=== Begin Enclosure ===
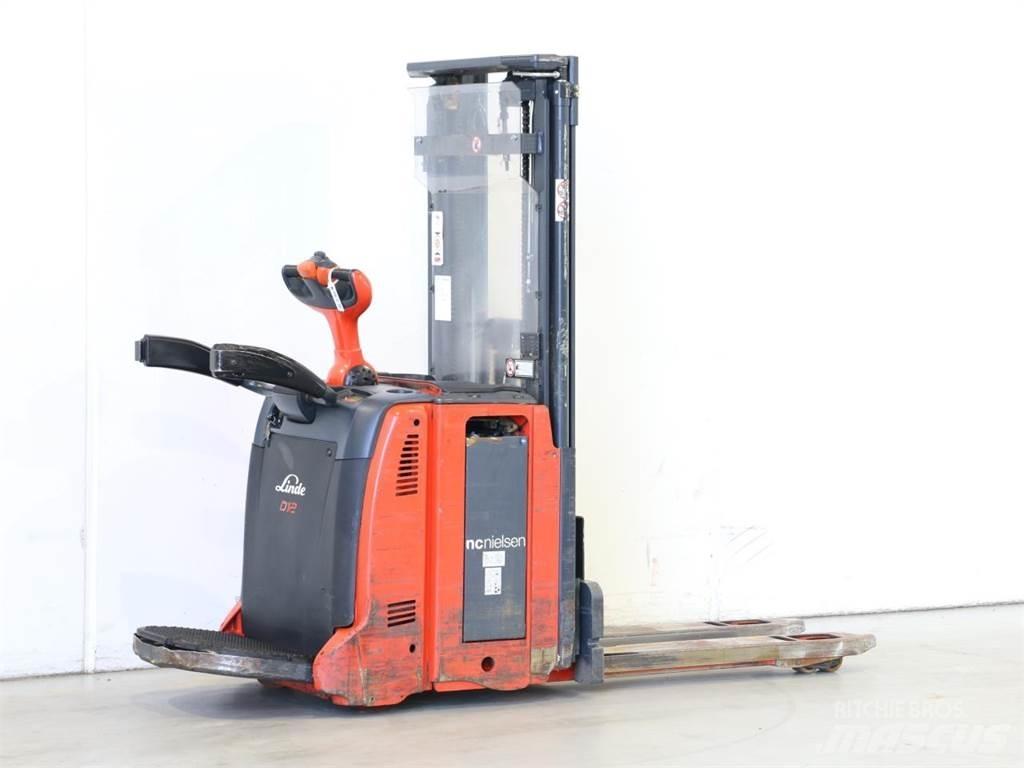 Linde D12AP/133 Stapelaar meeloop
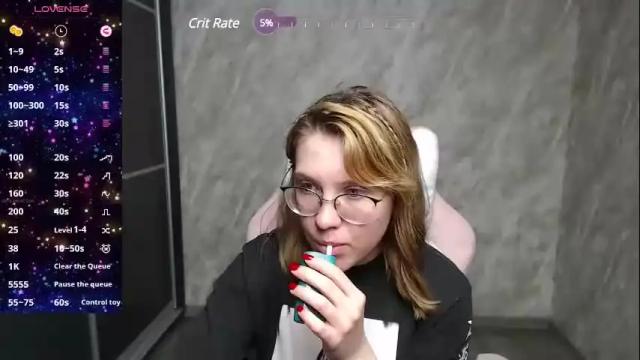 Image 12 of reginasmilee Stream on Chaturbate on 1 month ago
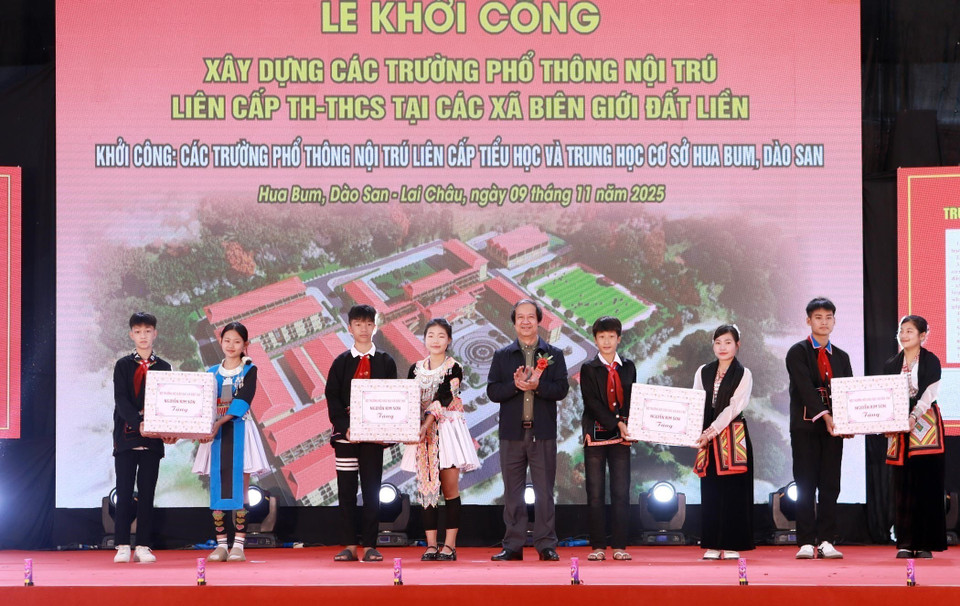 Minister of Education and Training Nguyen Kim Son presents gifts to students of Hua Bum during the groundbreaking ceremonies for inter-level primary and junior secondary boarding schools in the border communes of Hua Bum and Dao San, Lai Chau province. (Photo: VNA)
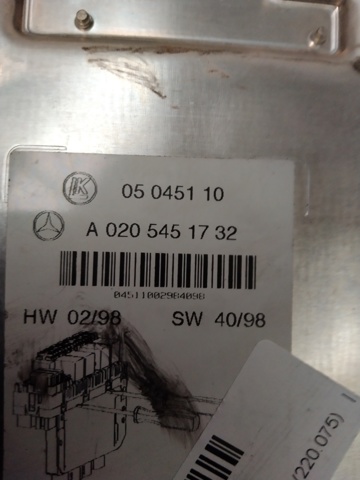 Skrzynka bezpieczników Mercedes S W220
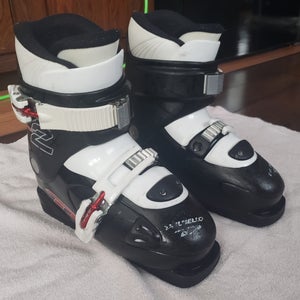 KIDS 22.5 SKI BOOTS Dalbello CX SPORT 2 SHELL SIZE 262mm/ BOYS YOUTH size 3.5 - 4 *USED* WASHED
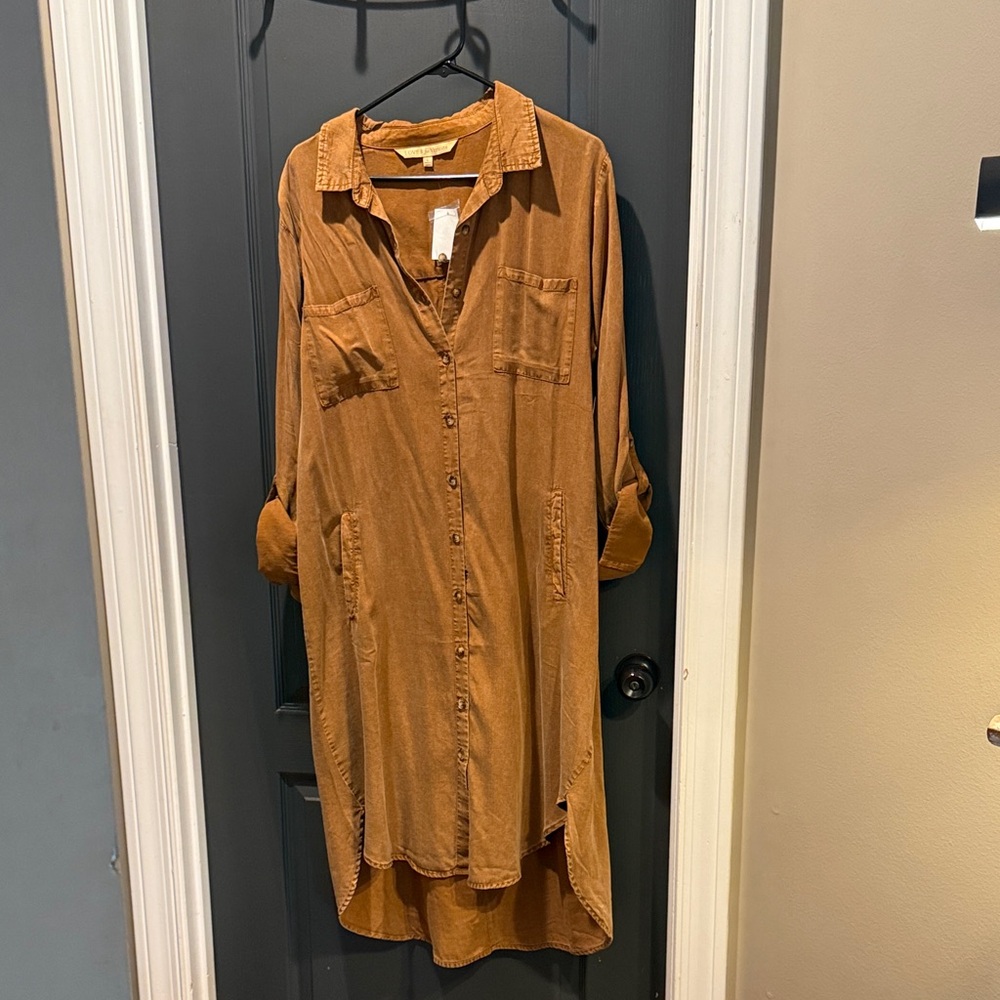 Versona Camel Button-Up Shirt Dress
=== End Enclosure ===
▸ **YOUR OBJECTIVE**
Go back to the listing above and reproduce, exactly, the stretch from the line bearing "Minister of Education" through the line bearing "KIDS 22.5 SKI", without its pictures.

▸ **SOLUTION TO THE EXERCISE**
 Minister of Education and Training Nguyen Kim Son presents gifts to students of Hua Bum during the groundbreaking ceremonies for inter-level primary and junior secondary boarding schools in the border communes of Hua Bum and Dao San, Lai Chau province. (Photo: VNA)
 Skrzynka bezpieczników Mercedes S W220
 KIDS 22.5 SKI BOOTS Dalbello CX SPORT 2 SHELL SIZE 262mm/ BOYS YOUTH size 3.5 - 4 *USED* WASHED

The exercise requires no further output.